Several items have come over my desk (?) in the last few days which together point to the growing importance of techniques for programmatically promoting data from unstructured documents, including web pages.
The Economist had a piece about Autonomy, the search sofware company a while ago.
Yet the most important reason for Autonomy’s success is that it is riding a long-term trend in computing. Corporate computing was once all about “structured data” such as payroll records or sales figures. Now, however, computers are also able to crunch “unstructured” data, such as documents, e-mails and photographs. And the quantity of such data has exploded: more than 80% of a typical company’s information is now unstructured, according to some estimates. Firms that can extract meaning from this digital pile will have a big advantage. [Software in the recession | Out on its own | The Economist]
Here is how the article describes what Autonomy does: “Using complex algorithms, they are able to extract ideas from all kinds of data, be it text, audio or video–even if these ideas are expressed in different terms.”.
Several of my colleagues have looked at the OpenCalais web service from Thomson Reuters. Here is the blurb from their website:
The Calais Web Service automatically creates rich semantic metadata for the content you submit – in well under a second. Using natural language processing, machine learning and other methods, Calais analyzes your document and finds the entities within it. But, Calais goes well beyond classic entity identification and returns the facts and events hidden within your text as well. [How Does Calais Work? | OpenCalais]
I got a note from Krista Thomas of Thomson Reuters about Media Cloud, an initiative of the Berkman Center at Harvard which uses Calais. This is an adventurous initiative which aims to provide tools to track trends in the media …

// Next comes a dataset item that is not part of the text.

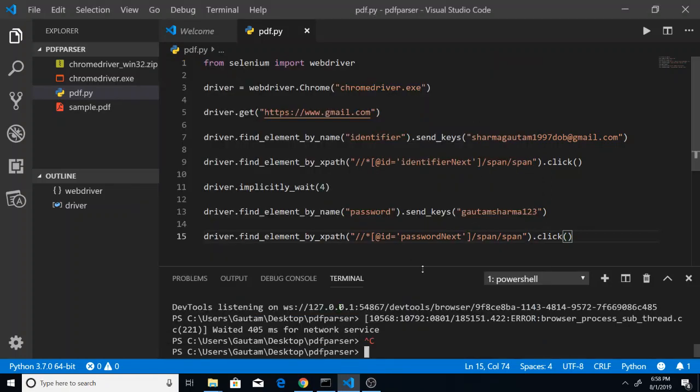Hello friends, welcome to CodingSixia. Today in this tutorial I will be telling you how to use Selenium in Python in order to automatically login into your Gmail account.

For each story from a given news source, the system automatically assigns relevant terms to that article. These terms, and the stories they describe, are then explored in relation to the rest of the interconnected network of media sources. Sources may cluster together around specific topics, or diverge.
In its most ambitious incarnation, Media Cloud might ultimately identify new memes as they emerge in the media ecosystem. By combining massive data collection with novel clustering techniques, we may be able to identify thousands of instances of new ideas emerging from one corner the media ecosystem and spreading to other parts – or failing to spread. [Media Cloud » About]

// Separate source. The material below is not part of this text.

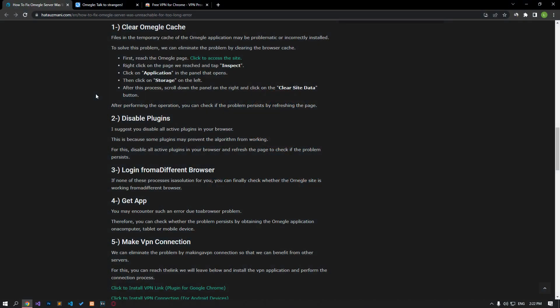The files in the temporary cache of the Omegle application may be problematic or incorrectly installed. To solve this problem, we can eliminate the problem by clearing the browser cache.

Finally, a colleague circulated a note about Microsoft Research’s EntityCube initiative …
The need for collecting and understanding Web information about a real-world entity (such as a person or a product) currently is fulfilled manually through search engines. But the information about a single entity might appear in thousands of Web pages. Even if a search engine could find all the relevant Web pages about an entity, the user would need to sift through all the pages to get a complete view of the entity. EntityCube is an entity search and summarization system that efficiently generates summaries of Web entities from billions of crawled Web pages. The summarized information is used to build an object-level search engine about people, locations, and organizations and explore their relationships. [EntityCube – Microsoft Research]
These are all very different: but they are symptomatic of a major interest in extracting meaningful content from masses of unstructured data through various programmatic techniques.
This is something of interest to all organizations — including universities. In this context, I was struck by this comment in the Taiga 2009 provocative statements:
4. … knowledge management will be identified as a critical need on campus and will be defined much more broadly than libraries have defined it. The front door for all information inquiries will be at the university level. Libraries will have a small information service role. [Taiga. Provocative Statements (after the meeting)
February 20, 2009 – PDF]
Now, this is intended to be provocative ;-), but it is worth thinking about what sorts of techniques will be useful to manage campus information and where the library should be thinking about developing capacities. And indeed, libraries themselves are also managing more digital materials – eprints, web pages, digitized materials, … – where the current metadata creation model does not scale and programmatic promotion of metadata, entity identification, and so on, becomes more important.